El negociado del ying y el yang, Eduardo Mendoza, p. 63
Un país confortable, con todas sus
peculiaridades escrupulosamente conservadas para ser mostrado al exterior,
porque el país necesitaba de la aprobación de los forasteros para soportar el
peso individual de una secreta vergüenza.
Sobre esta paulatina e
irreversible descomposición, Franco había presidido durante cuatro décadas. En
contra de la opinión oficial de sus opositores, nunca fue un fascista. No tuvo
una ideología precisa ni un proyecto de Estado. Se limitó a ser, del principio
al final, una herramienta eficaz al servicio de la España tridentina,
petrificada e in tolerante, con cuyos valores se identificaba a ciegas. Con implacable
frialdad primero y luego con paciente astucia, aniquiló a la sociedad y luego
curó las heridas de los supervivientes con un goteo de inocuos estupefacientes.
A cambio de sumisión, trabajo, sacrificios y desvelos, los españoles pudieron
ir adquiriendo un pequeño automóvil, un televisor, una segunda residencia y
otros lujos que, para ellos, constituían inmerecidas dádivas.
Con el lento paso de los años, de
aquel país que un día intentó salir del marasmo de siglos, aunque eso supusiera
asomarse al abismo, ya no quedaban ni los despojos. Incluso Franco había sido asimilado
al sosegado entorno cotidiano por el inofensivo método de recubrirlo de
chistes.

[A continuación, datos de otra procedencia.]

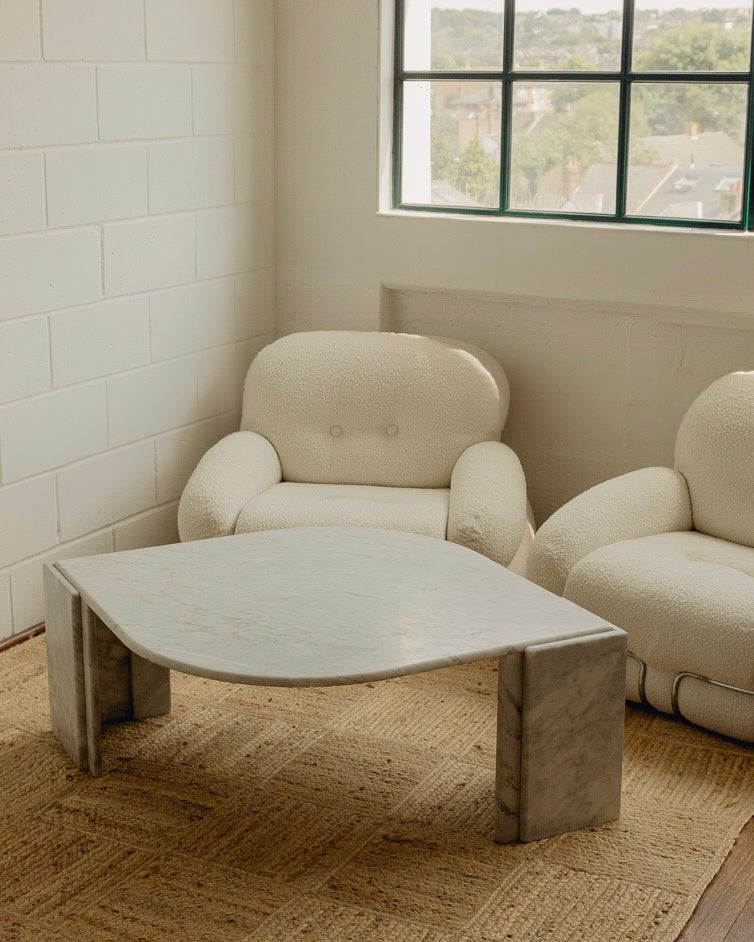 Italian Carrara Marble Coffee Table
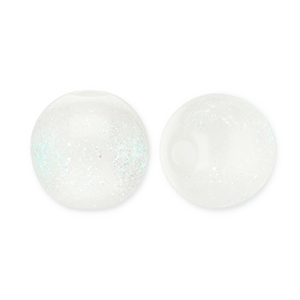 6 mm Perlen aus Acryl mit Glitzer White-turquoise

Bajo un palio de imitaciones y cuchufletas, lejano, inaccesible, hermético,
convertido en un muñeco de pimpampum, Franco dejó que el paso del tiempo y su
quebrantada salud lo fueran convirtiendo en la caricatura que los españoles
preferían ver en lugar de la monstruosa realidad. De este modo la rebeldía se
convirtió en nostalgia y la combatividad, en machacona cantinela de beodo. El
ímpetu y el propósito desaparecieron para siempre.